INFORMATION SUPPLIED
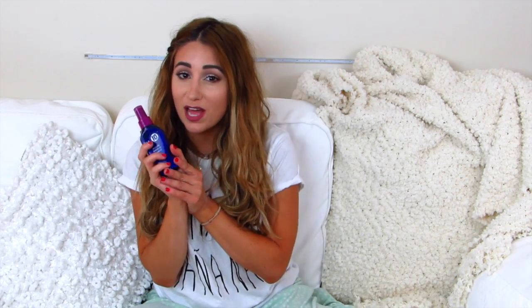My hair tends to be very dry — it's a lot like my skin, which is also very dry. So what I love is this — I always call it my blue thing — it's the It's a 10 Miracle Leave-In Product. I love this so much. Every time I've tried cheating on this product with a different leave-in conditioner, I always end up going back. I have naturally curly-wavy hair, but with this I can get through it with my fingers.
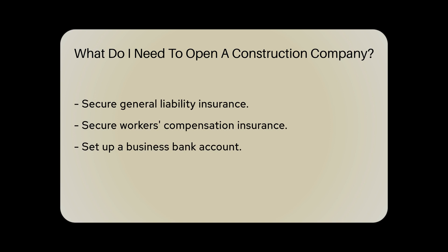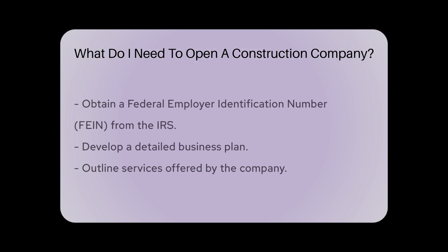It's crucial to secure insurance coverage, including general liability insurance and workers' compensation insurance, to protect your business and employees.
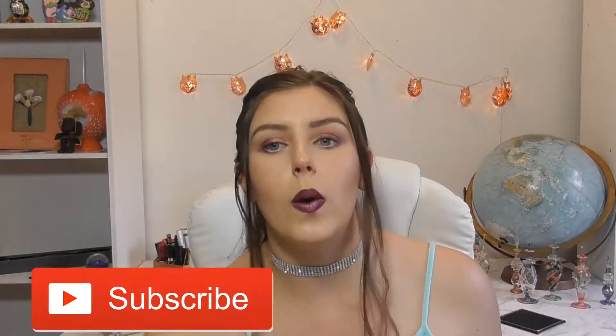Hi guys, welcome back to my channel and happy new year! It is officially 2017 — we can wave goodbye to 2016 and all the crappiness and goodness that it brought. I was pretty happy with 2016, but if you want to see the products that I actually liked during last year, just keep watching. But first, hit that subscribe button — it always means so much to me.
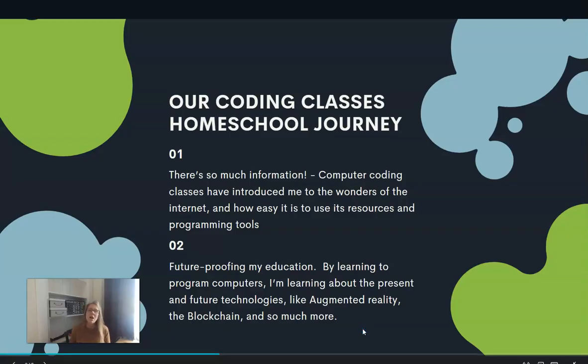There is a journey when you're looking at coding classes, and we have definitely had that journey. You can read about that journey on Captivating Compass — I will link to a variety of different posts I have on coding in the notes. The first thing, in talking with my son about his experience with MyTechLabs and with coding classes in general, was that there is so much information.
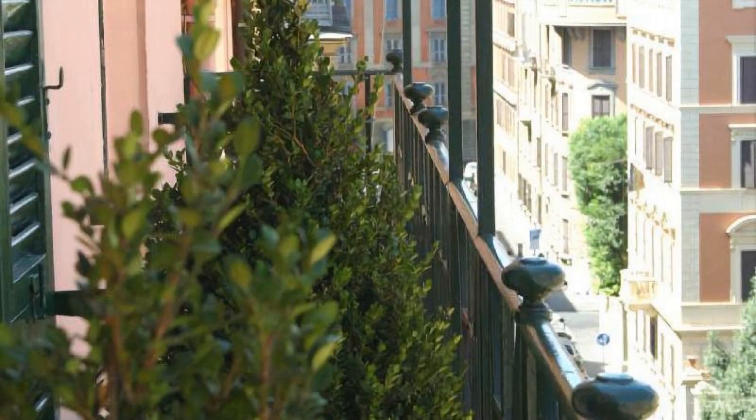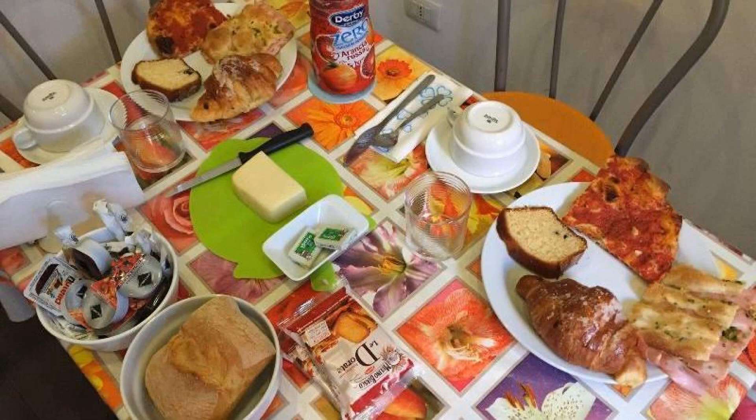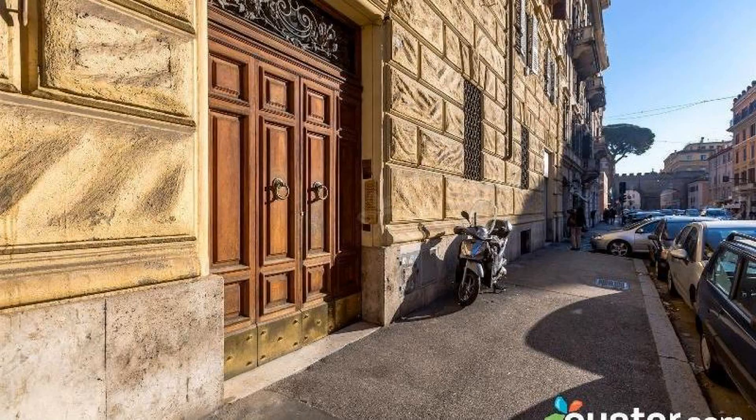Check-in time in this property is 1 pm, and checkout time of this property is 10 am.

WORK INSTRUCTION
Using the entries above, transcribe every line from the line containing "It's crucial to" through the line containing "Hi guys, welcome". Do not copy pictures.

EXERCISE RESPONSE
It's crucial to secure insurance coverage, including general liability insurance and workers' compensation insurance, to protect your business and employees.
Hi guys, welcome back to my channel and happy new year! It is officially 2017 — we can wave goodbye to 2016 and all the crappiness and goodness that it brought. I was pretty happy with 2016, but if you want to see the products that I actually liked during last year, just keep watching. But first, hit that subscribe button — it always means so much to me.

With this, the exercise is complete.